Zum Abschluss des Indischen Filmfestivals Stuttgart 2022 wurden in den Innenstadtkinos zum 19. Mal der German Star of India in fünf Kategorien verliehen. Drei hochkarätig besetzte Jurys beurteilten die nominierten Spiel-, Dokumentar- und Kurzfilme. Den Director’s Vision Award vergab das Programmteam aus Festival- und Programmleiter Oliver Mahn und den Kuratorinnen Uma da Cunha und Therese Hayes. Mit dem Audience Award wird jener Film ausgezeichnet, den das Publikum direkt nach den Vorführungen am besten bewertet.
Bester Spielfilm: MEHRUNISA
Im Sieger-Spielfilm “Mehrunisa” kämpft eine 80-jährige Schauspielerin gegen das Patriarchat in Gesellschaft und Filmbranche.
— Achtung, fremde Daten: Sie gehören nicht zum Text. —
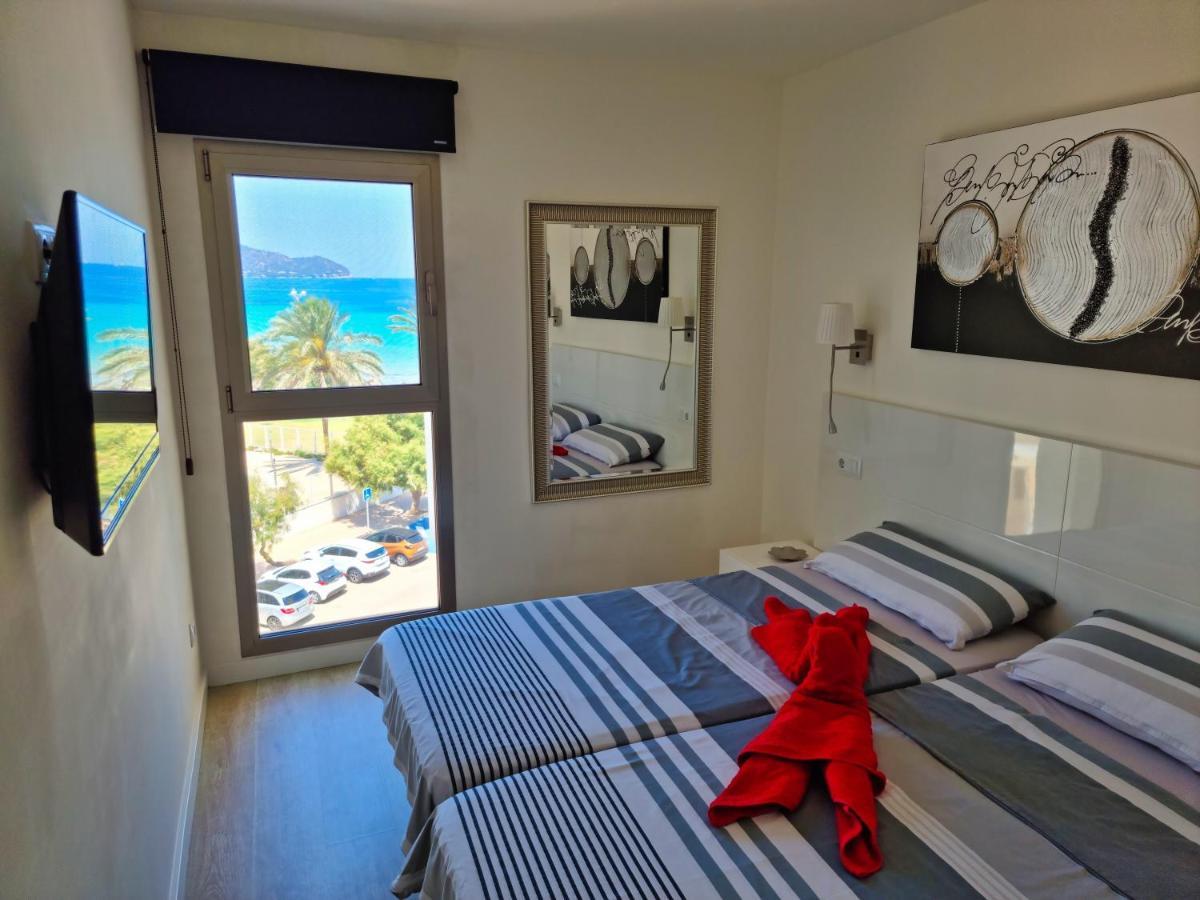 Modern Apartment With Stunning Sea View Cala Millor  Kültér fotó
Nach dem Tod ihres Ehemanns verbrennt seine Witwe Mehrunisa öffentlich das Bett – „ein so unerhörtes Ereignis und ein so eindringliches Bild, dass man es noch lange nach dem Film im Kopf hat“, findet die dreiköpfige Jury, bestehend aus MFG-Mitarbeiter Maximilian Hoehnle, Regisseurin Anja Gurres und Produzent Louis Wick. Dies sei der Ausgangspunkt für eine wunderschöne Großmutter-Enkelin-Geschichte, „die Hierarchien in Frage stellt, Selbstbestimmung feiert und Hoffnung über die Kinoleinwand hinaus weckt. Indem sie die revisionistische Handlung eines historischen Filmdrehbuchs anprangern, nehmen Mehrunisa und Aliya die Filmindustrie aufs Korn und wenden das Blatt schließlich zugunsten einer historisch korrekten und geschlechtergerechten Erzählung“, so urteilt die Jury weiter. Die Besetzung, das Schauspiel und die Inszenierung seien erhaben, aber bescheiden und nah an den Figuren, ohne zu werten. „”Mehrunisa” spricht persönliche und gesellschaftliche Konflikte offen an, die so tief wie die liebenswerten Falten seiner Protagonistin sind, und umarmt sie von ganzem Herzen mit Pragmatismus und dunkel getöntem Humor,“ begründet die Jury ihr Votum.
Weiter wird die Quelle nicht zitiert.